**** DATASET CONTENT

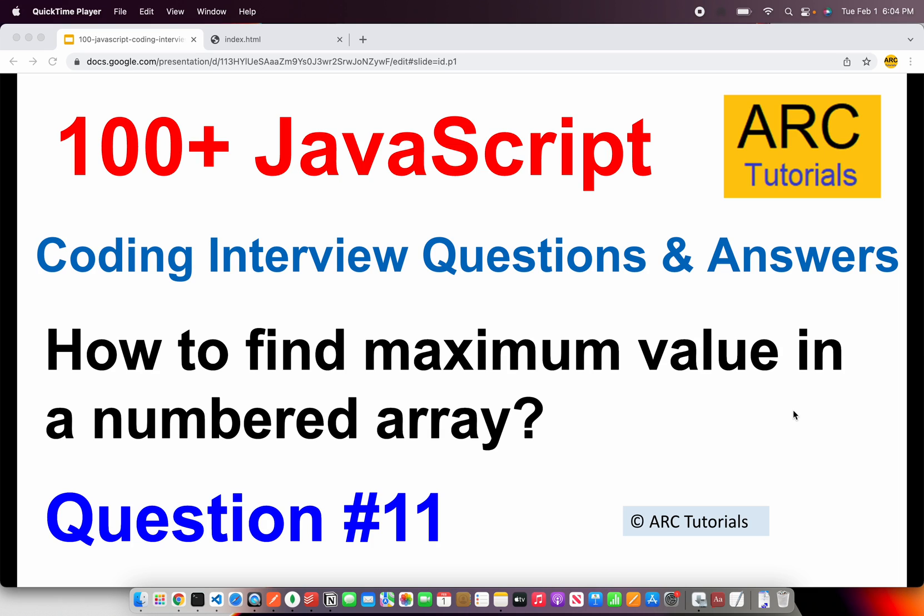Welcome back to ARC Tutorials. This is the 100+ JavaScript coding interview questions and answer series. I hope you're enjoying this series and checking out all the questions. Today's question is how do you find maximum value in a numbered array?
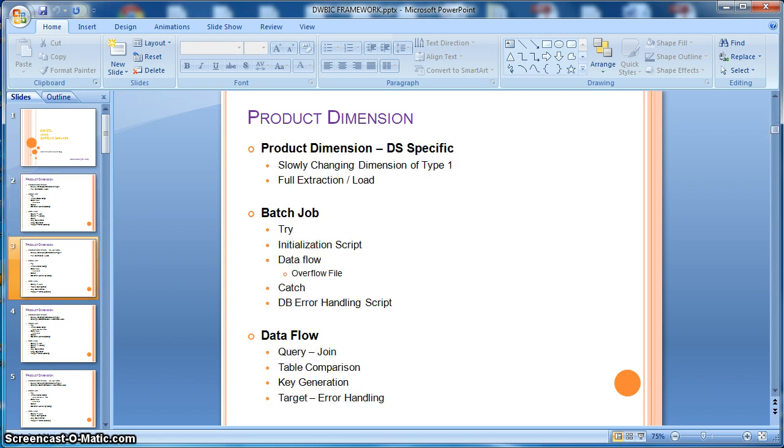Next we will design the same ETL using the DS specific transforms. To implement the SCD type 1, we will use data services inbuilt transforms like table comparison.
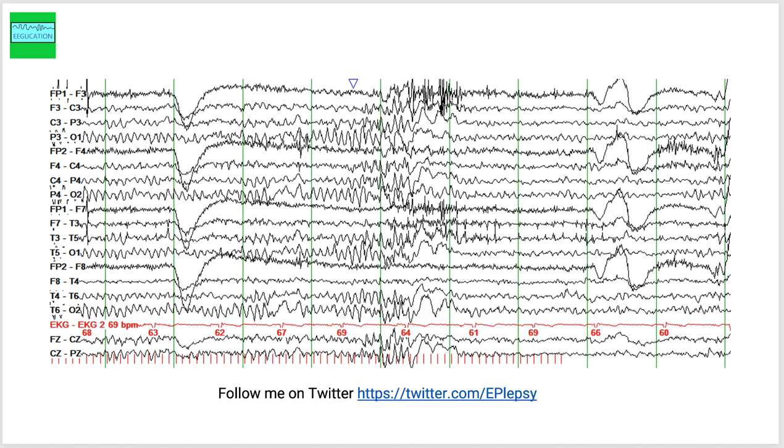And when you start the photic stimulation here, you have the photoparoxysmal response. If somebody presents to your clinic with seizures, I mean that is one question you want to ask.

********
**** DATASET CONTENT

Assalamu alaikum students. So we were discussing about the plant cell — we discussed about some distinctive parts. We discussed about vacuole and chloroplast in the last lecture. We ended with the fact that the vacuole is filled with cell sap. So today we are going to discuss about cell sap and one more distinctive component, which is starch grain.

********

# TASK INSTRUCTIONS
Please output, exactly as written, the lines above from the one holding "Welcome back to" through the one holding "Next we will", both included, with the pictures omitted.

# RESPONSE
Welcome back to ARC Tutorials. This is the 100+ JavaScript coding interview questions and answer series. I hope you're enjoying this series and checking out all the questions. Today's question is how do you find maximum value in a numbered array?
Next we will design the same ETL using the DS specific transforms. To implement the SCD type 1, we will use data services inbuilt transforms like table comparison.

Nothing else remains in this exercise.